::: PROVIDED DATA

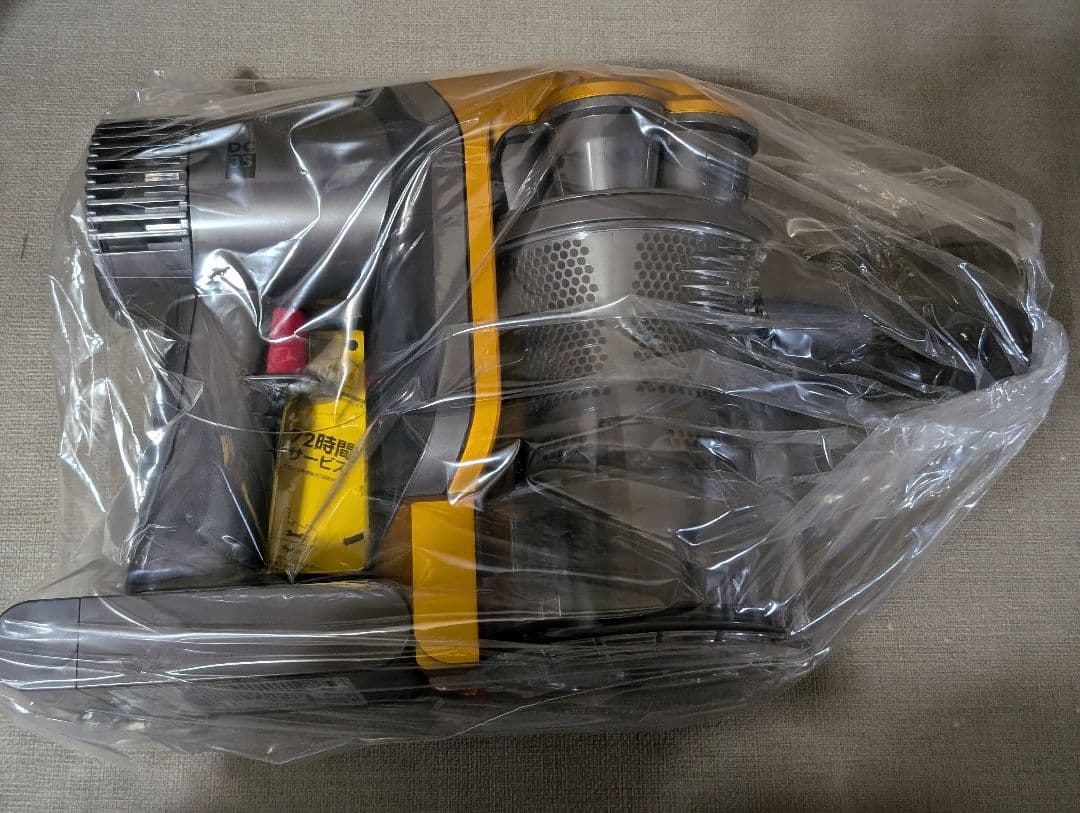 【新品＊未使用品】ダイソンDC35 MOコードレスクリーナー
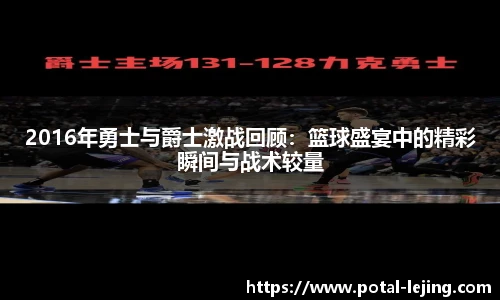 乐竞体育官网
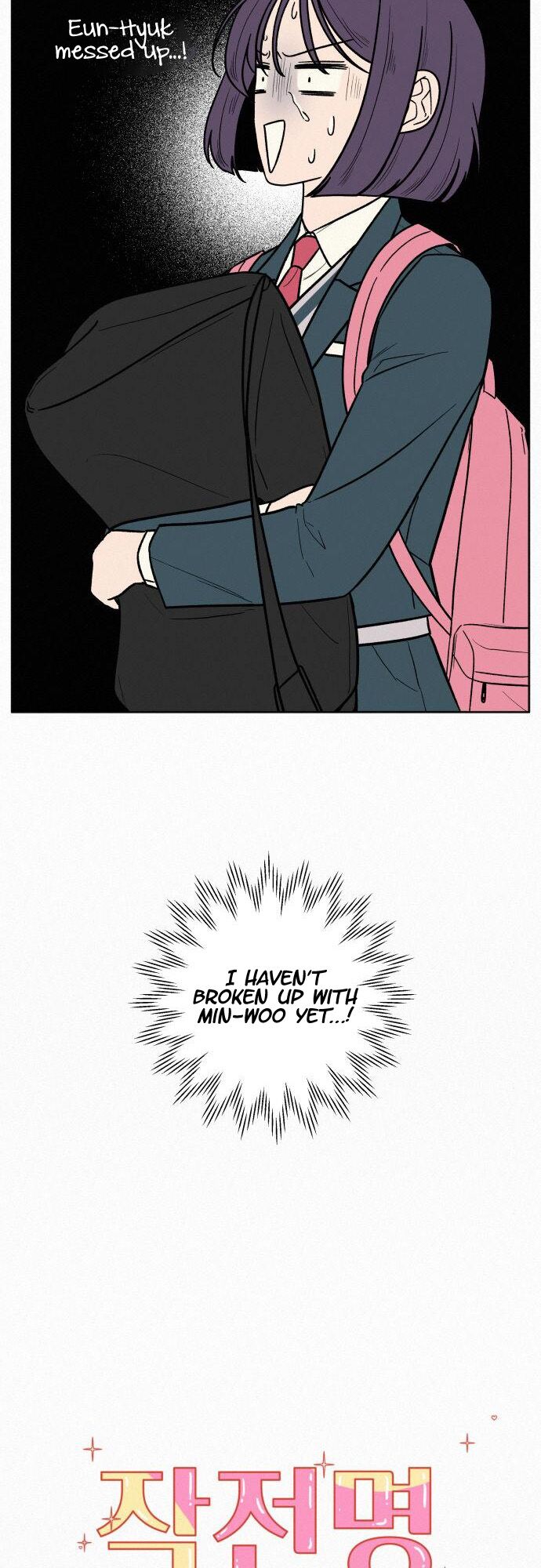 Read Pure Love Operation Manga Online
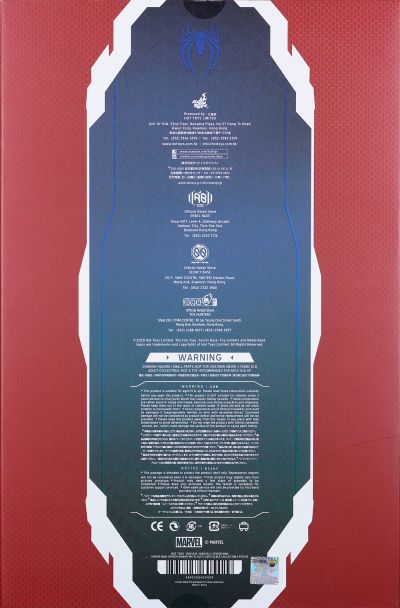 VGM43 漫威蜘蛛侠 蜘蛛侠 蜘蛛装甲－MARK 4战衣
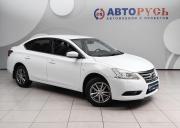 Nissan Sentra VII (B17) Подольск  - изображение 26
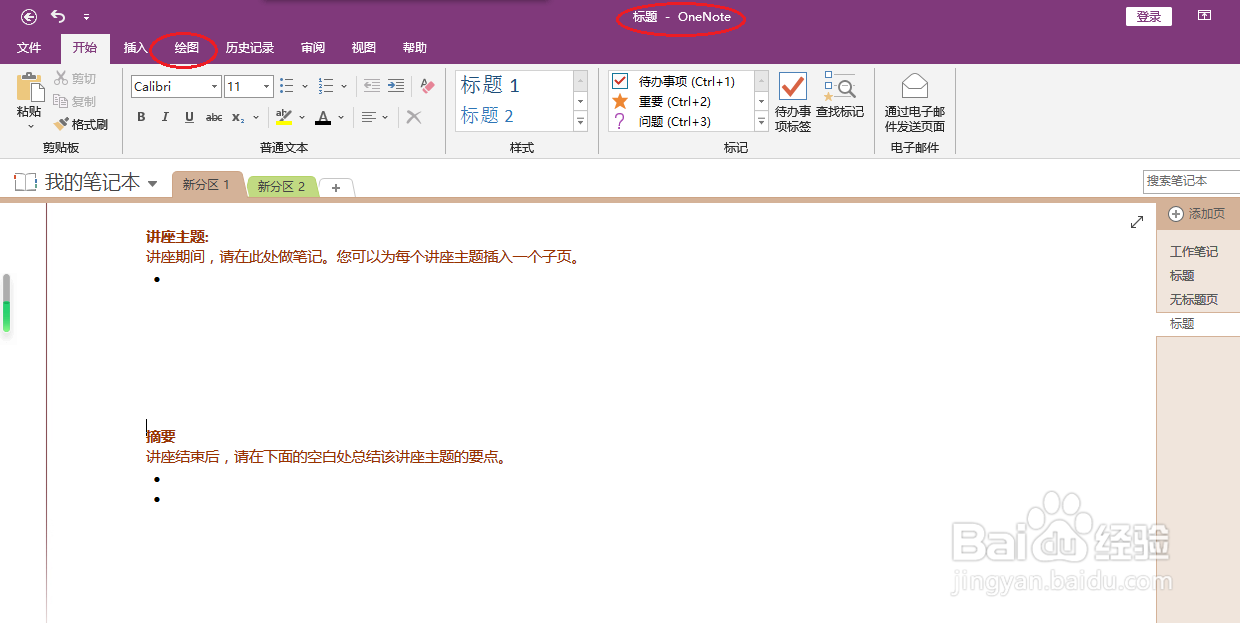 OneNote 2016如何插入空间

::::::

WHAT IS BEING ASKED:
Nothing but the lines from the one that holds "Nissan Sentra VII" through the end of the data should appear, written out exactly, without pictures.

YOUR RESPONSE:
 Nissan Sentra VII (B17) Подольск  - изображение 26
 OneNote 2016如何插入空间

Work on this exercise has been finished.